Exercise
For the material below, return exactly the lines starting at the one holding "百度问答推广怎么做 (百度问答推广技巧有哪些?)" and ending at the one holding "e 3a^2-12a+12", counting both as part of the range.

Record set

• • •

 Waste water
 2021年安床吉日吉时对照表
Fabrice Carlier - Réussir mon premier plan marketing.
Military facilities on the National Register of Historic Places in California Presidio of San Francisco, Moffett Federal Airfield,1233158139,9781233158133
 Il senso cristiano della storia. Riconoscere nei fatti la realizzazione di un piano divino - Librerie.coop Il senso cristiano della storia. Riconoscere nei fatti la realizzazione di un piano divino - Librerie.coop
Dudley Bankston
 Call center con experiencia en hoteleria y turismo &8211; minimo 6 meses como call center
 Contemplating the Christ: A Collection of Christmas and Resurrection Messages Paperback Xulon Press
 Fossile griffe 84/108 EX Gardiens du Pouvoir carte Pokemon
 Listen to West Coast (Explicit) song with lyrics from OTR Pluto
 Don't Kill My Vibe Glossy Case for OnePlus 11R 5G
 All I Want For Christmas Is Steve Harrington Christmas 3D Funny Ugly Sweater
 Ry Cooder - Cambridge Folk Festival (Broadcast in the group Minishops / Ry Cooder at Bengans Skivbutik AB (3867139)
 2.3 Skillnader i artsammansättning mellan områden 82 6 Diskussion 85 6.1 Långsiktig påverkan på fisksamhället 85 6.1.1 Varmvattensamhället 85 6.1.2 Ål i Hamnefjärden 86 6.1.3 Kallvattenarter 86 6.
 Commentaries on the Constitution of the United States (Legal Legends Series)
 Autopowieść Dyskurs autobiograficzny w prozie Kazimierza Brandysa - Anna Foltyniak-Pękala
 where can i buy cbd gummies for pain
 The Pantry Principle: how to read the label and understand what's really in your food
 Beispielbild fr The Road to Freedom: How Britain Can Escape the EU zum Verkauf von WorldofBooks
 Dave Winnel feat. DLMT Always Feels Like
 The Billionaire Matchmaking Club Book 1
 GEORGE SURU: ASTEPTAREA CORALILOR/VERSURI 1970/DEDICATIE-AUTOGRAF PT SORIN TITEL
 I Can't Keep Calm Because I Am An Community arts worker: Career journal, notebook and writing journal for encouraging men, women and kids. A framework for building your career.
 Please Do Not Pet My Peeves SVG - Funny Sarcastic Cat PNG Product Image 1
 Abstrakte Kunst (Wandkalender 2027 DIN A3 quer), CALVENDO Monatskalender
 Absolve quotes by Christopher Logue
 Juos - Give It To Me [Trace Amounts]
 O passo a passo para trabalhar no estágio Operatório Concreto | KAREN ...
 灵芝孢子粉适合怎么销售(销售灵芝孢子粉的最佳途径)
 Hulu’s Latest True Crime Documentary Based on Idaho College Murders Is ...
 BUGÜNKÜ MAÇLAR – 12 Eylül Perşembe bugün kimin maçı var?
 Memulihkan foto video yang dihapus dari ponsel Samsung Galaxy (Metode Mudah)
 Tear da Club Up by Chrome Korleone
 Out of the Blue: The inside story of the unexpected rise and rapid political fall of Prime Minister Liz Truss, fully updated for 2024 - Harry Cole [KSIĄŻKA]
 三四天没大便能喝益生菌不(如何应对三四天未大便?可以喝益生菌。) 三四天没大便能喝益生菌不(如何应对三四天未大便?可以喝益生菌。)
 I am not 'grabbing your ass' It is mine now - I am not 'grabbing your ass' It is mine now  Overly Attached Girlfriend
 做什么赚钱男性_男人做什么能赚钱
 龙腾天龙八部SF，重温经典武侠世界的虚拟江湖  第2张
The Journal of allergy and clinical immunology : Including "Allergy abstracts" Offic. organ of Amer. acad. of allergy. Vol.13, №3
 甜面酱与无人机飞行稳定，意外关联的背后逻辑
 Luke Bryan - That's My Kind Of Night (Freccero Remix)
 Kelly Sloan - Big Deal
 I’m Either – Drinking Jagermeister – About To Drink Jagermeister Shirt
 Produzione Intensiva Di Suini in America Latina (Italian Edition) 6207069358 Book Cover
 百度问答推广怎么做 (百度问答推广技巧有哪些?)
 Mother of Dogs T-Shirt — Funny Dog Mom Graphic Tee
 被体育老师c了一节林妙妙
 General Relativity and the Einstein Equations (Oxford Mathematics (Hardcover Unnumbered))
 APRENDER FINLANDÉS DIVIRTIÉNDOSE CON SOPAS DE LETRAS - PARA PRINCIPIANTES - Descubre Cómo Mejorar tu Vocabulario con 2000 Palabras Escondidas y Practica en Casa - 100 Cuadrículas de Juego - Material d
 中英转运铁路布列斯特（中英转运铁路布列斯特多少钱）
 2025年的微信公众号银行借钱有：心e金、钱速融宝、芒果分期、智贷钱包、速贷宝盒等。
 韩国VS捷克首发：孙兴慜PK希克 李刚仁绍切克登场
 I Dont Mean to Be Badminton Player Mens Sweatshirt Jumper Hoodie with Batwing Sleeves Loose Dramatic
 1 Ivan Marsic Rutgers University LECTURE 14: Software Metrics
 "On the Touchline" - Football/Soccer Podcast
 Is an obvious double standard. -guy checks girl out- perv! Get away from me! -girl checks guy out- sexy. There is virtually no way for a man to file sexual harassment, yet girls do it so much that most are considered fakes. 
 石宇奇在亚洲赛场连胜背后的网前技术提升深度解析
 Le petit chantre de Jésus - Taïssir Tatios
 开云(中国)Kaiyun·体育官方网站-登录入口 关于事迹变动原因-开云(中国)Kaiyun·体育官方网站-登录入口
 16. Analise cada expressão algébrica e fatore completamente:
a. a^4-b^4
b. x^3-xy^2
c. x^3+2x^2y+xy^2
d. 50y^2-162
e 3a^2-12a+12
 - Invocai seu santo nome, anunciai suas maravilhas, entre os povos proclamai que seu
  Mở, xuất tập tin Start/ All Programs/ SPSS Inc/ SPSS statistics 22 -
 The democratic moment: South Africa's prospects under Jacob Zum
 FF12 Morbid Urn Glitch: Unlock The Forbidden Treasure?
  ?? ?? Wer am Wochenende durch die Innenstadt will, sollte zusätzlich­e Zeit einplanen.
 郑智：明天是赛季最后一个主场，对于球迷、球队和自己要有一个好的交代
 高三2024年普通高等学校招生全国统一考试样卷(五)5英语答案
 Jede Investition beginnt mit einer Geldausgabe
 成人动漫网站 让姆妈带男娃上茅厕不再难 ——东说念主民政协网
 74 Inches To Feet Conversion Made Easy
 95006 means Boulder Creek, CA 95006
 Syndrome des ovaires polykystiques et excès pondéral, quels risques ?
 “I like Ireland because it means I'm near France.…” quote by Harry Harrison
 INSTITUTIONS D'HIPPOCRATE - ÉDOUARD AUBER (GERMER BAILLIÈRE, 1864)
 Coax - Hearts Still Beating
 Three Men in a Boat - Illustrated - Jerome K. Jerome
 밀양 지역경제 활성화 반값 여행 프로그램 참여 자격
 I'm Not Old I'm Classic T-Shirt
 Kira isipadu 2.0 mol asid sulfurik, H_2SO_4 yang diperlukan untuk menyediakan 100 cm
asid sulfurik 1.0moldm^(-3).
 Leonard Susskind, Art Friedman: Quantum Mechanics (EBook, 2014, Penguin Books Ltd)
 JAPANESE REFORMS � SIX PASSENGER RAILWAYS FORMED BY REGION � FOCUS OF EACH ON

• • •

Your response
 百度问答推广怎么做 (百度问答推广技巧有哪些?)
 Mother of Dogs T-Shirt — Funny Dog Mom Graphic Tee
 被体育老师c了一节林妙妙
 General Relativity and the Einstein Equations (Oxford Mathematics (Hardcover Unnumbered))
 APRENDER FINLANDÉS DIVIRTIÉNDOSE CON SOPAS DE LETRAS - PARA PRINCIPIANTES - Descubre Cómo Mejorar tu Vocabulario con 2000 Palabras Escondidas y Practica en Casa - 100 Cuadrículas de Juego - Material d
 中英转运铁路布列斯特（中英转运铁路布列斯特多少钱）
 2025年的微信公众号银行借钱有：心e金、钱速融宝、芒果分期、智贷钱包、速贷宝盒等。
 韩国VS捷克首发：孙兴慜PK希克 李刚仁绍切克登场
 I Dont Mean to Be Badminton Player Mens Sweatshirt Jumper Hoodie with Batwing Sleeves Loose Dramatic
 1 Ivan Marsic Rutgers University LECTURE 14: Software Metrics
 "On the Touchline" - Football/Soccer Podcast
 Is an obvious double standard. -guy checks girl out- perv! Get away from me! -girl checks guy out- sexy. There is virtually no way for a man to file sexual harassment, yet girls do it so much that most are considered fakes. 
 石宇奇在亚洲赛场连胜背后的网前技术提升深度解析
 Le petit chantre de Jésus - Taïssir Tatios
 开云(中国)Kaiyun·体育官方网站-登录入口 关于事迹变动原因-开云(中国)Kaiyun·体育官方网站-登录入口
 16. Analise cada expressão algébrica e fatore completamente:
a. a^4-b^4
b. x^3-xy^2
c. x^3+2x^2y+xy^2
d. 50y^2-162
e 3a^2-12a+12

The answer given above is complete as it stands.